Sebelum Deklarasi Universal HAM oleh PBB. Serta sebelum merdekanya bangsa yang sangat kita cintai ini, para pendiri bangsa secara tidak langsung telah khatam dengan baik tentang definisi HAM itu sendiri. Melalui sejarah kelam penjajahan melahirkan buah-buah pikiran para penggerak kemerdekaan yang mengkristal dalam Pancasila, Pembukaan UUD 1945, batang tubuh UUD 1945, serta undang-undang yang dikeluarkan oleh pemerintah sejak tahun 1998-2005.

Hal di atas merupakan bukti konkret betapa negeri ini menjunjung tinggi HAM sejak awal kemerdekaan. Sejalan dengan budaya bangsa Indonesia yang berlandaskan kepada adab-adab berkehidupan untuk setiap individu yang ada. Dengan ribuan perbedaan, rakyat Indonesia mengimplementasikan secara bijak HAM sejak dulu.

Namun seiring dengan bergejolaknya situasi sosial, politik dan ekonomi di Indonesia, perlahan menyayat niat baik para penggagas kemerdekaan dalam penegakan HAM. Aktivis buruh wanita bernama Marsinah dibunuh secara keji setelah melakukan aksi mogok kerja pada tahun 1993. Marsinah ditemukan tergeletak tak bernyawa dengan bekas luka penganiayaan yang sangat sadis. Bahkan kemaluan Marsinah ditemukan dalam keadaan hancur.

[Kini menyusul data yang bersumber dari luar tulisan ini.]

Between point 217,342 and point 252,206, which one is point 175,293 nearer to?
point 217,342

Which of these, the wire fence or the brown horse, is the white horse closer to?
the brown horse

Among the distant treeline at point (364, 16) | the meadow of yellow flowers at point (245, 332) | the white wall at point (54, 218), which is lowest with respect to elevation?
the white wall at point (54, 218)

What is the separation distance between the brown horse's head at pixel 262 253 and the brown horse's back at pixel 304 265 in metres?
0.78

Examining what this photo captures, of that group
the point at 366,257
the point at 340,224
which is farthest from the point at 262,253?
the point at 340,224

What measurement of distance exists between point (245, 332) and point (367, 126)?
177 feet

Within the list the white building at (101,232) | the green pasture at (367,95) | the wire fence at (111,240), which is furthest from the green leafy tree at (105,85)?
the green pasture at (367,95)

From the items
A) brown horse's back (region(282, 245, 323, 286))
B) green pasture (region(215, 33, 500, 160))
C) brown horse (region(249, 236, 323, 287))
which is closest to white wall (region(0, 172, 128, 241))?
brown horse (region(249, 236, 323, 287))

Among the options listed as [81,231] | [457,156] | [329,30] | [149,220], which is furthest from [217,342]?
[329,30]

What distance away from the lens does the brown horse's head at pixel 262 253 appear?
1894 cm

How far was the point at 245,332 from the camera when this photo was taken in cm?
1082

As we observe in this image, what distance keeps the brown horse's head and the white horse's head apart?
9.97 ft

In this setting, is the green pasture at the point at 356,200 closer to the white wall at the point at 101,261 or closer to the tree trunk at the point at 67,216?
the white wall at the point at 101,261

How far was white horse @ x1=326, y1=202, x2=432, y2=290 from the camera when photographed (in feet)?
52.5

Pada ruang waktu yang berbeda yakni 2004, seorang aktivis HAM atas nama Munir meregang nyawa saat perjalanannya menuju Amsterdam kala itu. Munir tewas di dalam pesawat Garuda Indonesia yang ditumpanginya setelah meminum kopi yang mengandung racun mematikan.

Selain dari kasus pelanggaran HAM pada kedua aktivis tersebut, masih banyak lagi kasus pelanggaran HAM yang mewarnai sejarah kelam HAM di Indonesia baik yang dikabarkan maupun yang luput dari pengawasan publik. Tragedi ini menjadi bukti bahwa hukum HAM di Indonesia harus lebih diperketat lagi.

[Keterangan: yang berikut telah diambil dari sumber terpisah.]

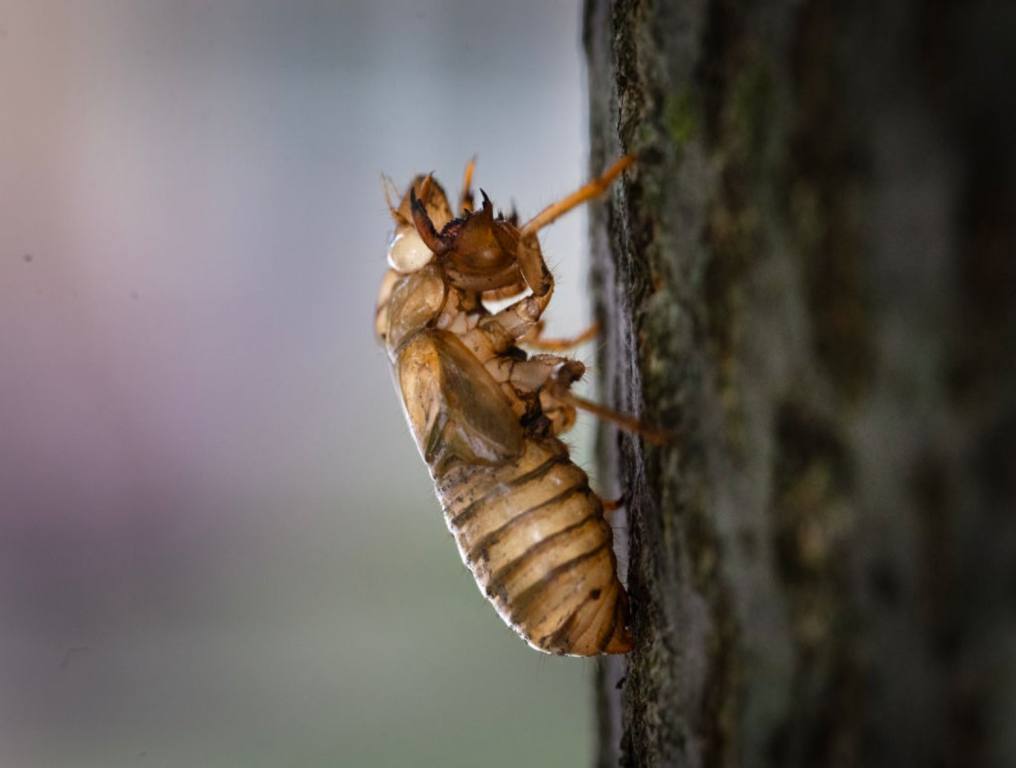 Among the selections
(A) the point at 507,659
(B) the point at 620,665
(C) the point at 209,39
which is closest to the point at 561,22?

Menjelang peringatan hari HAM dunia, masyarakat Indonesia kembali menyoroti peristiwa tewasnya 6 orang laskar FPI yang ditembak mati oleh polisi. Peristiwa tersebut terjadi pada Senin dini hari tanggal 6 Desember 2020 di tol Cikampek. Beberapa kalangan menduga kasus ini merupakan kasus pelanggaran HAM.

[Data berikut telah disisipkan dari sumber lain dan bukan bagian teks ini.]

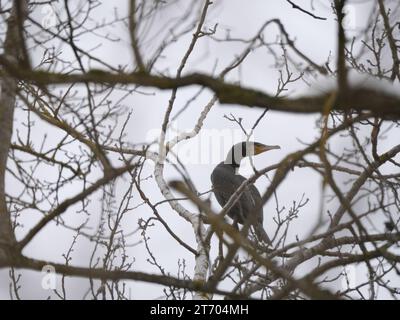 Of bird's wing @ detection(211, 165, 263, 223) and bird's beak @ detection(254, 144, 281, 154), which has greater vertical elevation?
bird's beak @ detection(254, 144, 281, 154)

Dari pihak Kapolda Metro Jaya menyampaikan, bahwa saat kepolisian melakukan penyelidikan dengan mengikuti rombongan Habib Rizieq Shihab (HRS) tiba-tiba mobil yang dikendarai kepolisian dipepet dan ditembak oleh laskar FPI pengawal HRS. Dan akhirnya baku tembak pun terjadi dan menewaskan 6 orang laskar FPI.

Di sisi seberang, Sekjen FPI menyampaikan bahwa laskar FPI tidak mengetahui mobil yang mengikuti dari belakang adalah pihak kepolisian. Serta dalam aturan FPI sendiri, para laskar tidak diperbolehkan untuk membawa senjata tajam dan senjata api.

Berbeda dari kedua pernyataan pihak Kepolisian dan FPI, saksi mata mengatakan dalam konferensi pers Kapolda Metro Jaya memperlihatkan barang bukti senjata api dan senjata tajam milik laskar FPI, versi kepolisian. Terdapat dua buah senjata api yang diperlihatkan.

Namun, logika mengatakan bahwa seharusnya kepolisian hanya menembak mati dua orang pengguna senjata api guna meniadakan ancaman. Serta sisa laskar yang bersenjatakan senjata tajam cukup untuk dilumpuhkan dengan menembak anggota badan penggeraknya. Hal ini tentunya menjadi suatu kejanggalan.

Terlepas dari berbagai pandangan yang ada, fakta mengatakan bahwa 6 orang putra bangsa telah tewas. Secara pandangan dasar HAM itu sendiri, peristiwa ini jelas melanggar HAM karena mencabut hak hidup individu.

Maka dari itu, dalam peristiwa ini Komnas HAM harus turun tangan. Penting adanya pembentukan tim investigasi independen guna mengungkap kasus dugaan pelanggaran HAM ini. Hal ini diperlukan dalam menegakkan HAM yang berdasarkan keadilan di Indonesia. Selain itu, kita sebagai warga negara Indonesia ikut andil dalam penegakan HAM di negeri yang kita cintai ini. Dibutuhkan inisiatif serta kontribusi aktif di lapangan untuk menghargai HAM di Indonesia.

Ditulis oleh Andi Indra Kurniawan, Gubernur BEM FEB Unmul 2021.